Baker offers a compelling point of view-- at the same time, the listed top ten is also worthy of attention.

Saturday, January 06, 2007

New Blog Links for a New Year

Just added about half a dozen new links in the blogroll at the right. Two personal finance links, My Money Blog and My Money Forest, should have been added earlier. I decided to substitute one left-leaning law professor tax blog for another by replacing Start Making Sense with A Taxing Matter. I decided to add Taxalicious because many tax bloggers which I respect have joined the Tax Blogger community founded by Taxalicious. Finally, Tax Playa and Wandering Tax Pro are on trial--let me know what you think of these blogs.

Update: I just updated my Carnival links (except for fraud and taxes--continue to go through Fraud Files and Don't Mess with Taxes respectively for those carnivals). The Carnival of Enterpeneurship was reluctantly dropped--it does not appear to have published since June 2006.

Friday, January 05, 2007

Senate Leaders Vow Attack on AMT

Key Senate Finance Committee members Max Baucus (D-MT) and Charles Grassley (R-IA) have introduced legislation to repeal the alternative minimum tax.
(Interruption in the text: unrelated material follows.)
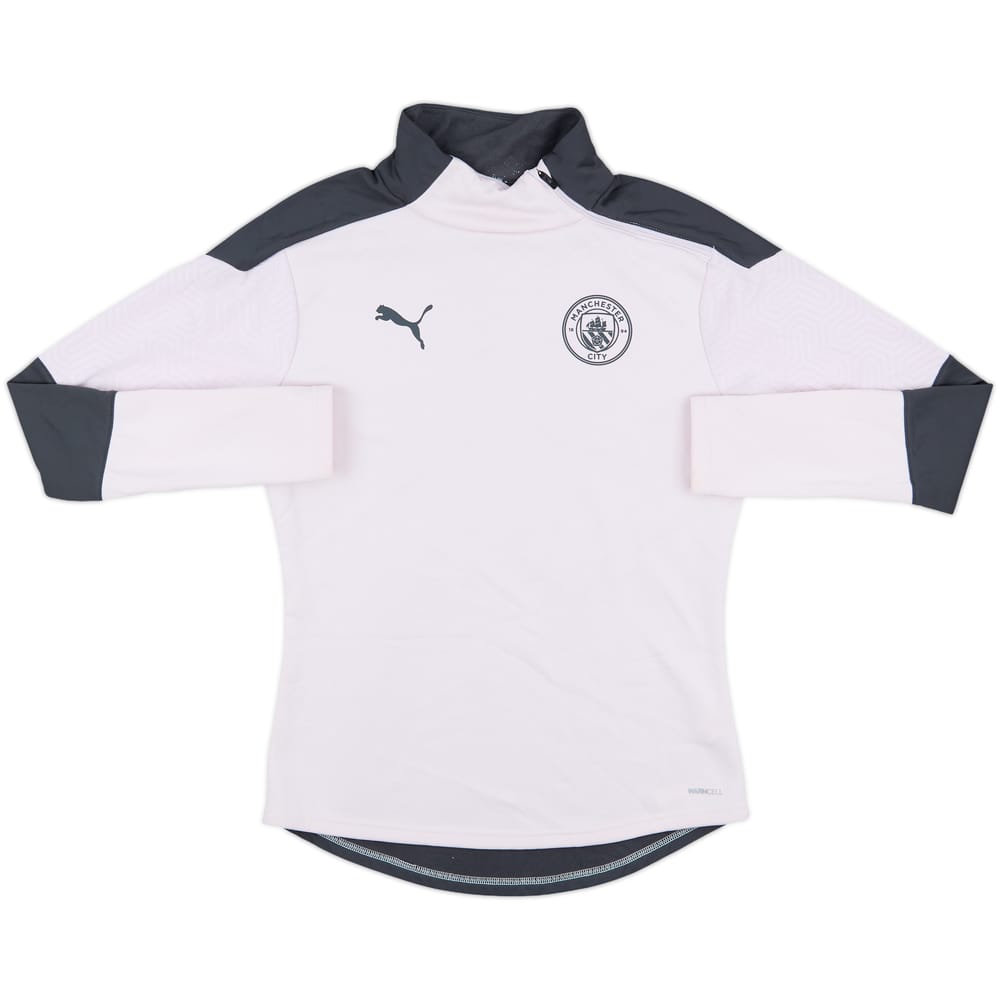 2020-21 Manchester City Puma 1/4 Zip Training Top - 8/10 - (S)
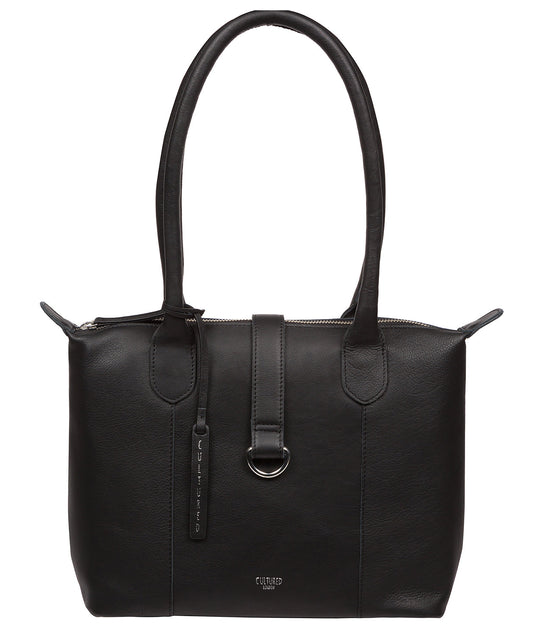 Uma tote bag three-quarter angle showing structure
Similar legislation was unsuccessfully attempted last year, but both believe that the elimination of the AMT is an important step in middle-income tax relief. At the moment, only annual adjustments of AMT exemptions keep the AMT from affecting large numbers of American taxpayers.

Good luck to the Senators in their efforts; at the VERY least, a large enough patch to last several years is needed to avoid last-minute legislation and the associated stress for tax preparers.

Wednesday, January 03, 2007

IRS Gets Off to Bizarre Start to 2007

In two head-scratching rulings to start the New Year, the Internal Revenue Service allowed an unmarried cohabitating couple the principal residence gain exclusion under the premise that pregnancy was an "unforeseen circumstance" and refused to extend the tax deposit due date from January 2 to January 3 despite the federal mail holiday for Gerald Ford's death. In the first case, the couple had owned the house for seven months, the woman was about one month pregnant and they were living separately. The house was believed to be too small for two adults and a child but neither could pay for the rent. In the second case, there will be LIMITED opportunities under three conditions for late penalties to be waived.

I am completely perplexed by these decisions and hope that sense and reason will prevail as the year continues.